All this is more consistent with a view of inferential comprehension as falling within the domain of an intuitive ‘theory of mind’ module. This view is tacitly adopted in much of the literature on mind-reading, and explicitly defended by Bloom (2000, this volume). Grice himself makes remarks indicating that he might not have been averse to a modularised implementation of his approach, in which the recovery of implicatures was treated as an intuitive rather than a reflective process:
There is thus no requirement in the Gricean framework that implicatures should actually be recovered by reflective reasoning. A modular view is also possible.

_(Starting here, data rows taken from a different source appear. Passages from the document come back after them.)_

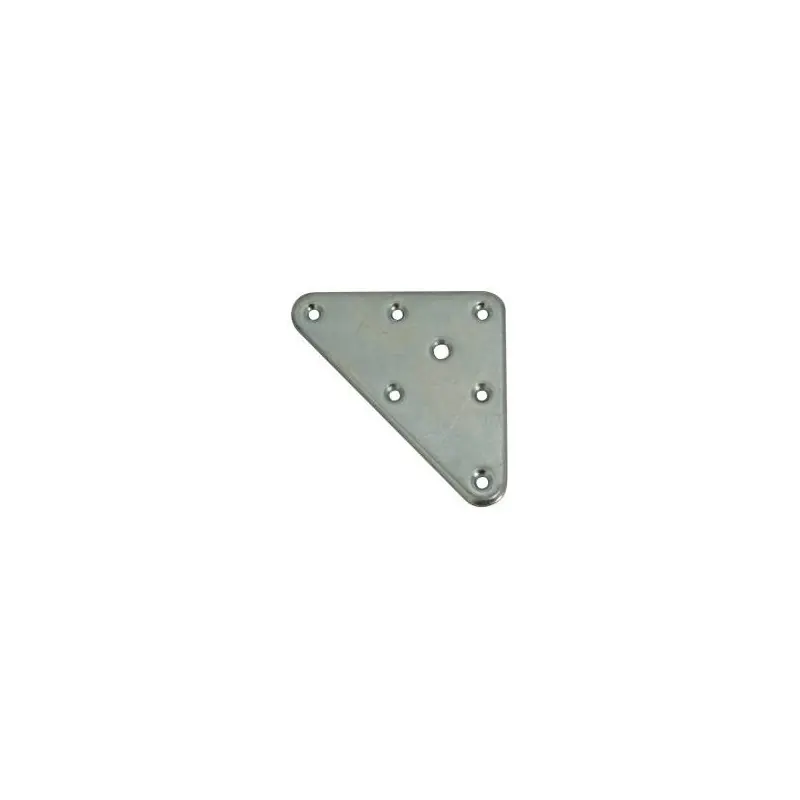 Super Prix PLATINE TRIANGLE FIXE 90X120 M8 ACIER ZINGUE – NORAIL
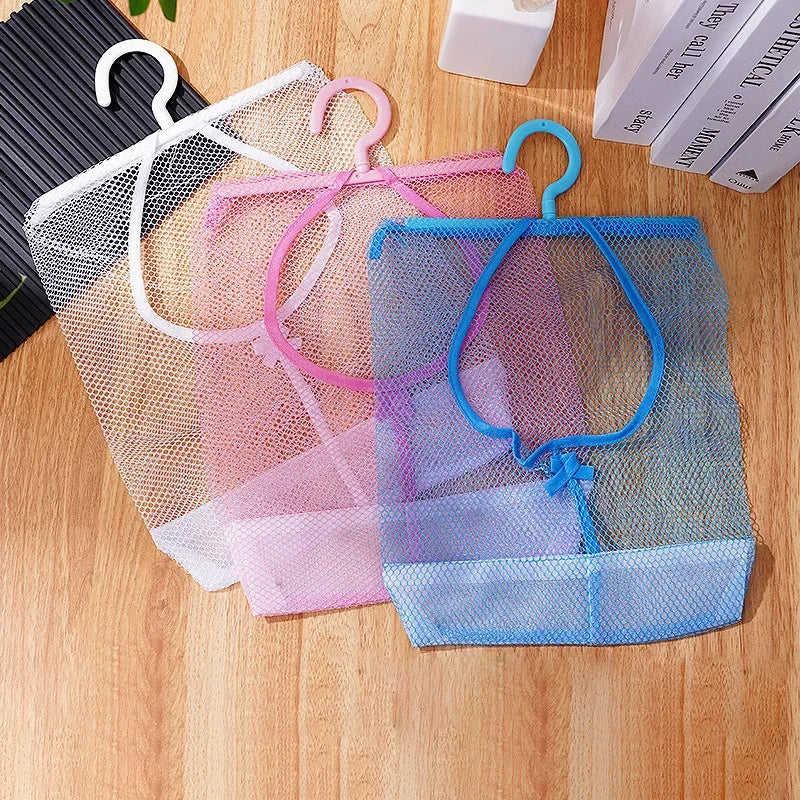 Hanging Mesh Storage Bag – Polyester Space-Saving Organizer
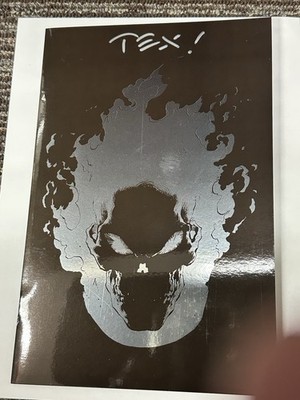 GHOST RIDER #15  MEXICAN FOIL SDCC EXCLUSIVE LTD 1000 SIGNED BY TEXEIRA W/COA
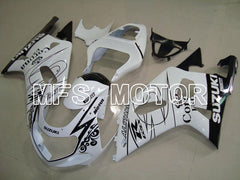 Carénage ABS injecté Suzuki GSXR600 2001-2003 - Corona - Noir Blanc - MFS4519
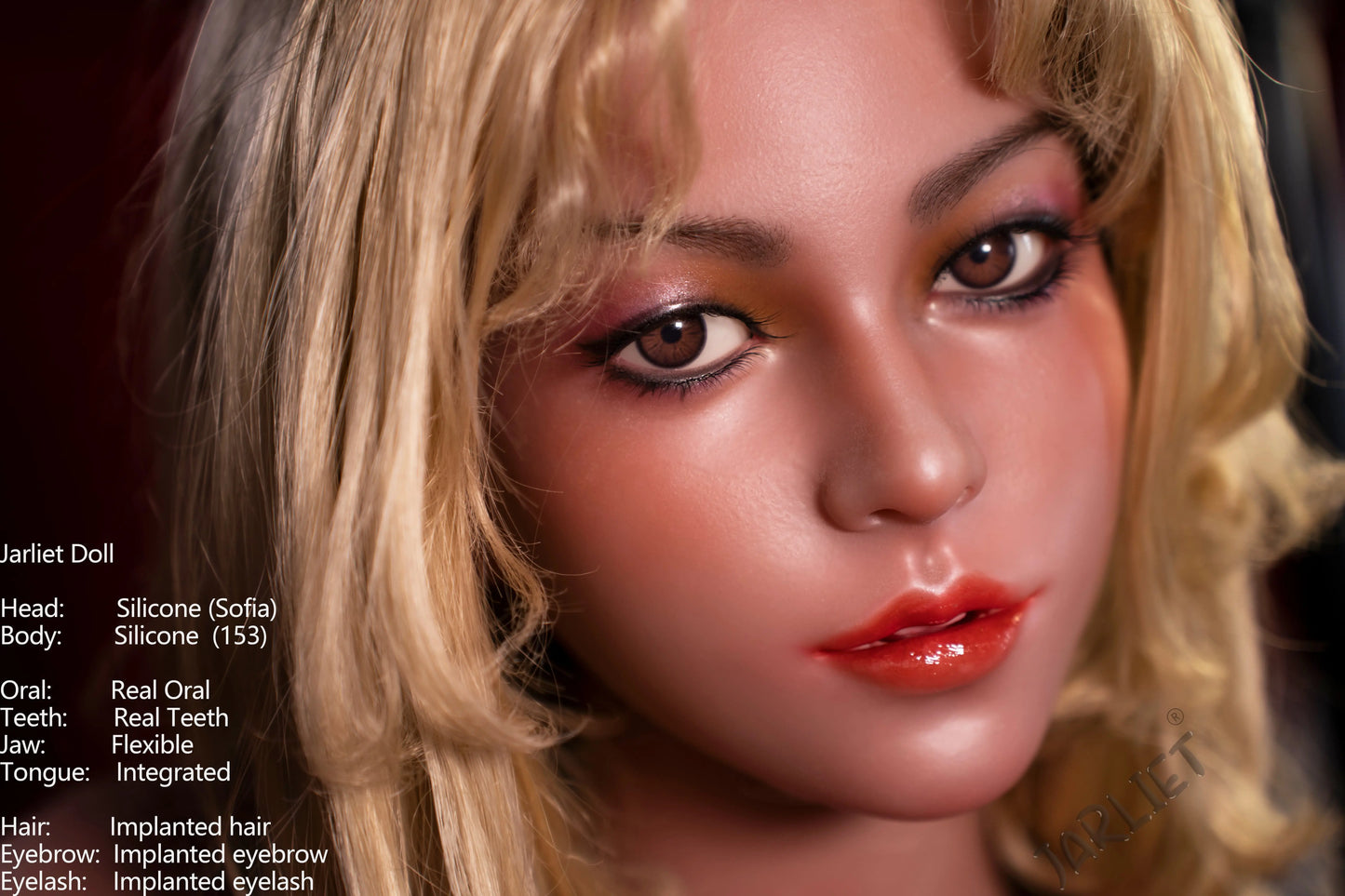 Jarliet Doll | 153cm 5ft Realistic Blonde Hair Small Breast Full Silicone Doll with ROS Silicone Head for Divorced Guys - Sofia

There has been a strong (though by no means unanimous) trend in the development of the cognitive sciences, and in particular in developmental and evolutionary psychology and in neuropsychology, towards a more modular view of the mind. (We use ‘module’ in a looser sense than the one suggested by Fodor, 1983, to mean a domain- or task-specific autonomous computational mechanism; see Sperber, 1996, chapter 6; forthcoming.) One reason for this trend is that a general-purpose inferential mechanism can only derive conclusions based on the formal (logical or statistical) properties of the input information it processes. By contrast, a dedicated inferential mechanism or module can take advantage of regularities in its specific domain, and use inferential procedures which are justified by these regularities, but only in this domain. Typically, dedicated modules exploit the relatively ‘fast and frugal heuristic’ (Gigerenzer et al., 1999) afforded by their special domain.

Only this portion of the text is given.